• Required action: Below are the entries; transcribe them exactly and drop every picture.
*** Supplied entries ***
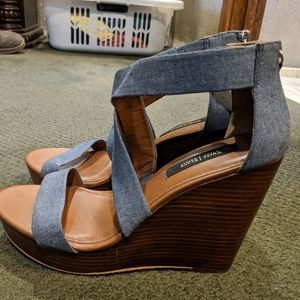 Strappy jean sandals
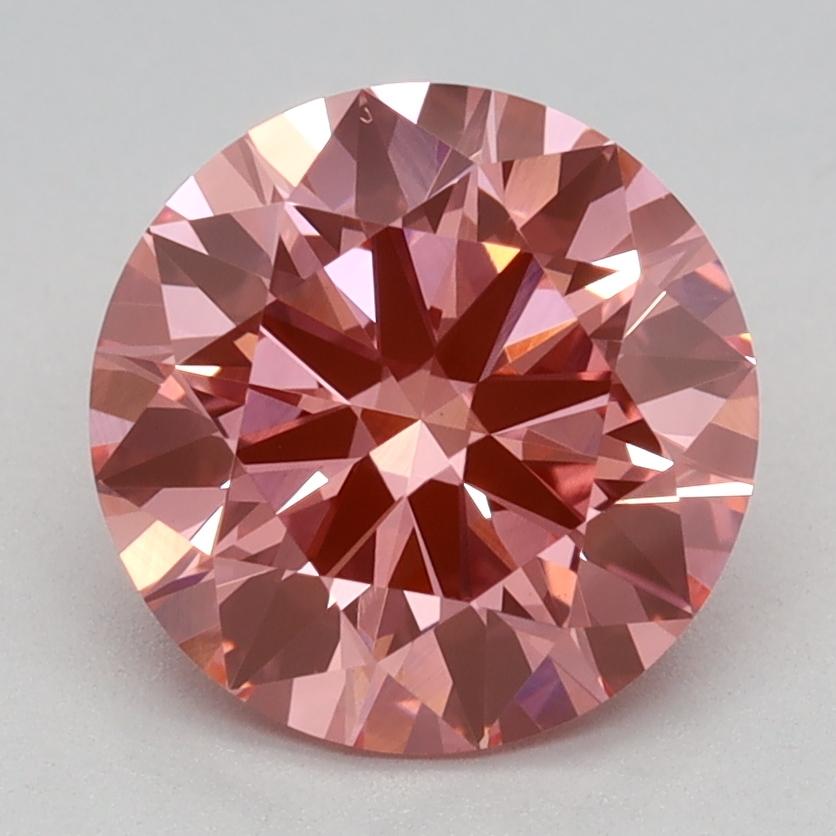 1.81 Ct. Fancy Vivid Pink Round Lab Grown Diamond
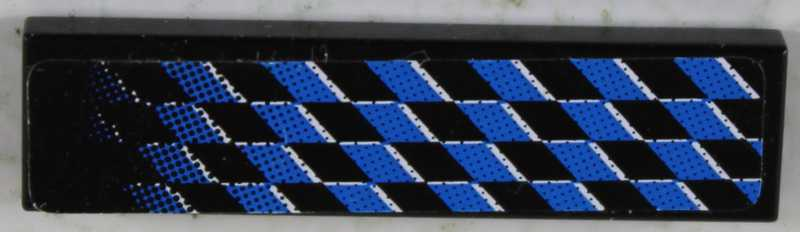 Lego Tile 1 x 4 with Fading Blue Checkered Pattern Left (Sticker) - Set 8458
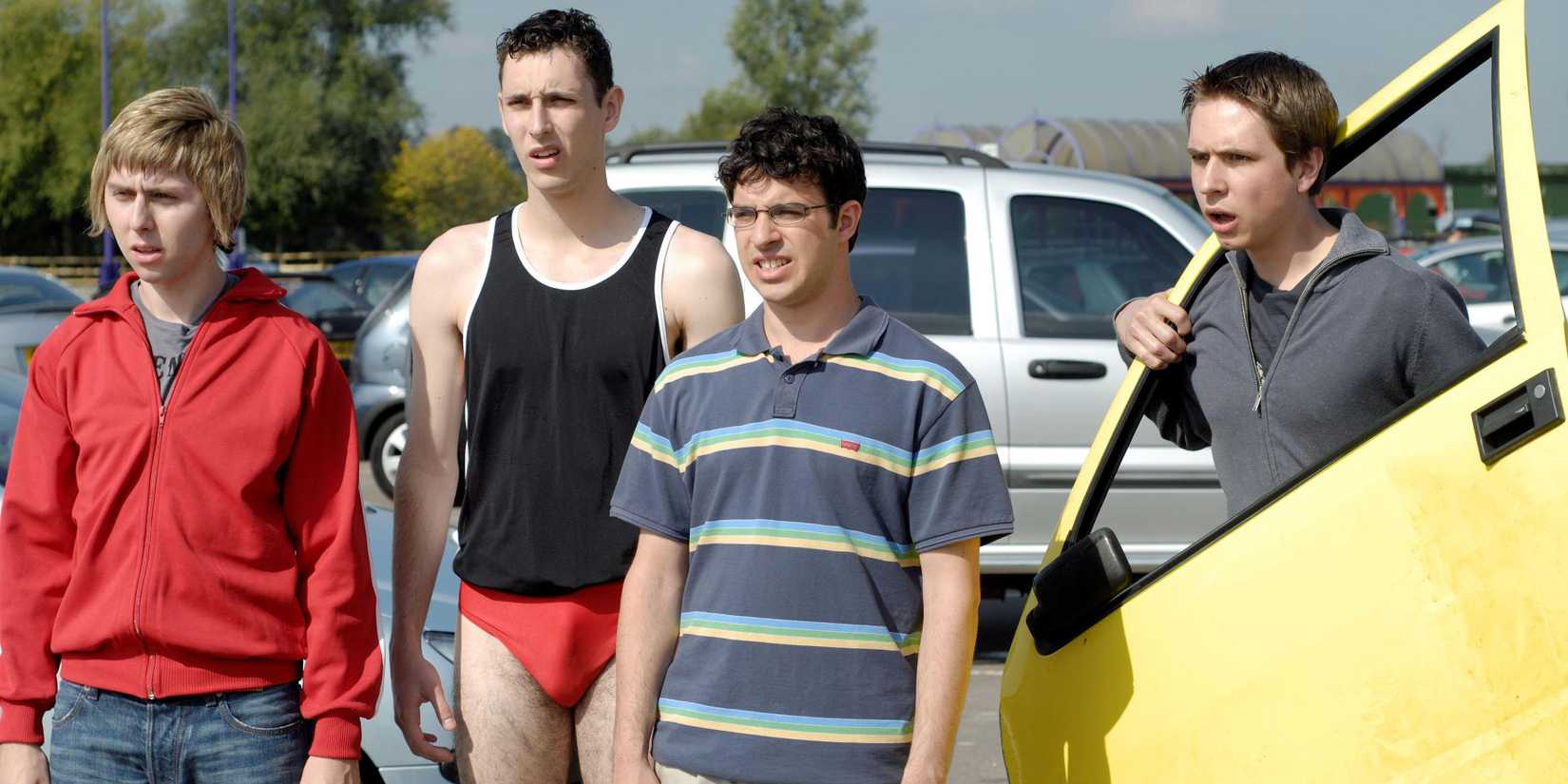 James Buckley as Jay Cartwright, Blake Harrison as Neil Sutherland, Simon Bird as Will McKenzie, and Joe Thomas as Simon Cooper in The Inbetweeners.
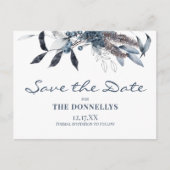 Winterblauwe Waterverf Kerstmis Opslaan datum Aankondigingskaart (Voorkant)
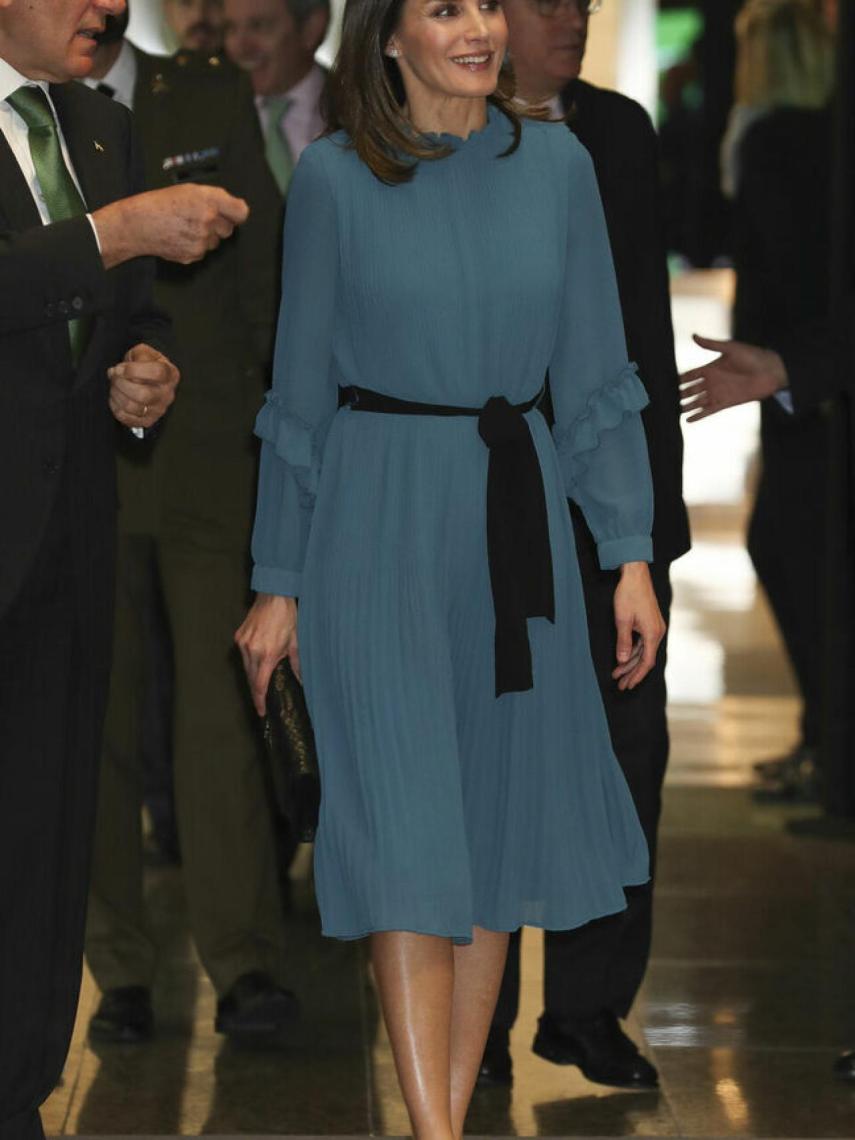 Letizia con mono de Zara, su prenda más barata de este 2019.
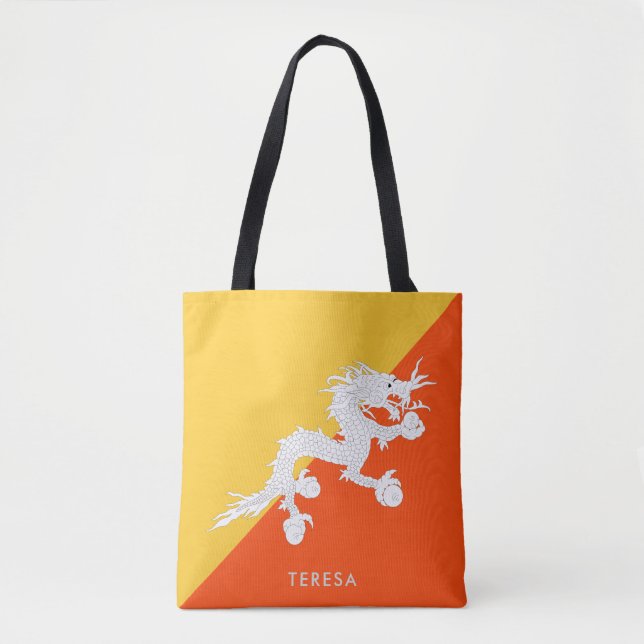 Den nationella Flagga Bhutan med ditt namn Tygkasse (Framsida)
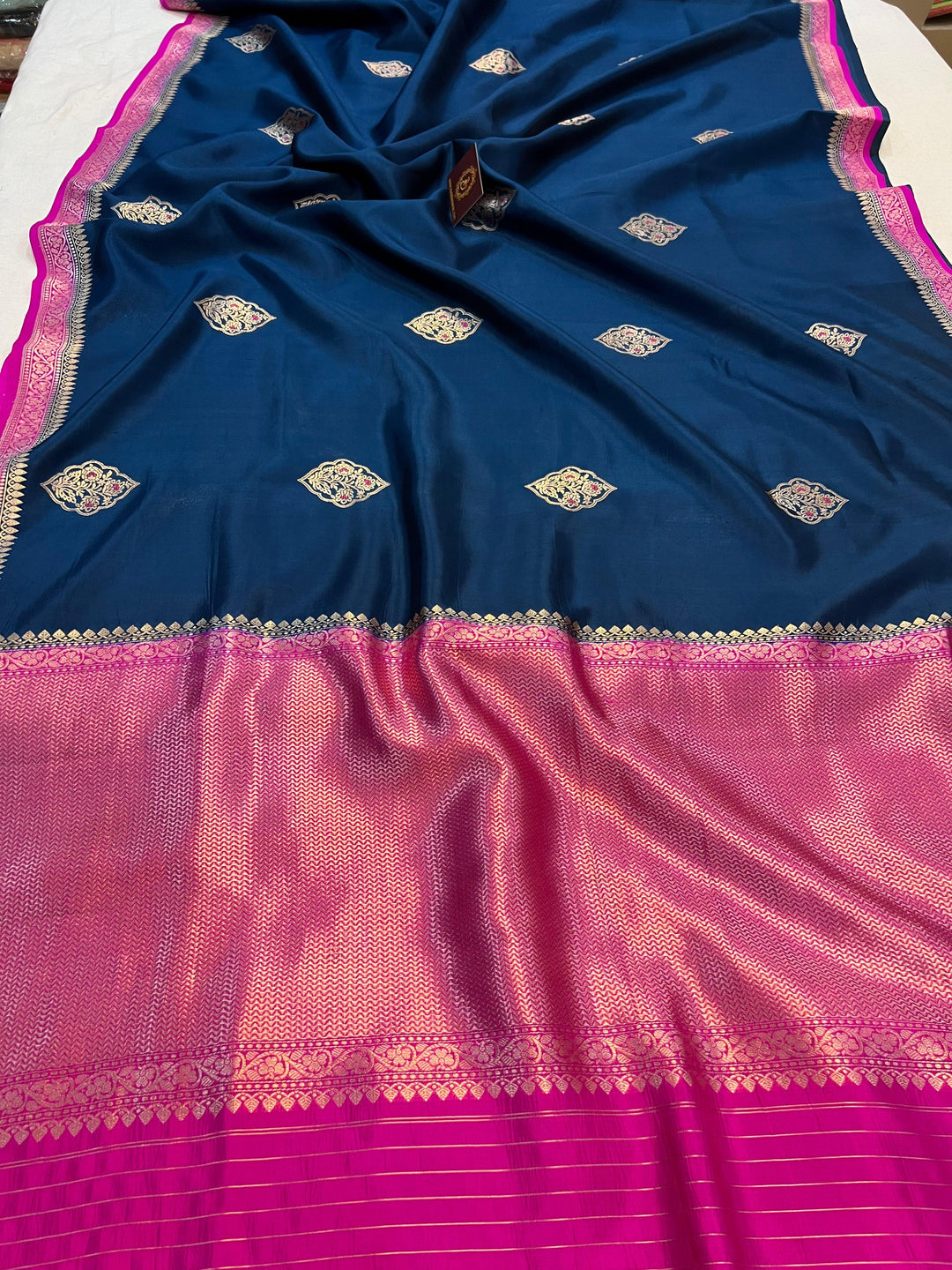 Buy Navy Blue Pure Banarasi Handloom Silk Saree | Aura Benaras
*** End of Supplied entries ***
• Task solution:
 Strappy jean sandals
 1.81 Ct. Fancy Vivid Pink Round Lab Grown Diamond
 Lego Tile 1 x 4 with Fading Blue Checkered Pattern Left (Sticker) - Set 8458
 James Buckley as Jay Cartwright, Blake Harrison as Neil Sutherland, Simon Bird as Will McKenzie, and Joe Thomas as Simon Cooper in The Inbetweeners.
 Winterblauwe Waterverf Kerstmis Opslaan datum Aankondigingskaart (Voorkant)
 Letizia con mono de Zara, su prenda más barata de este 2019.
 Den nationella Flagga Bhutan med ditt namn Tygkasse (Framsida)
 Buy Navy Blue Pure Banarasi Handloom Silk Saree | Aura Benaras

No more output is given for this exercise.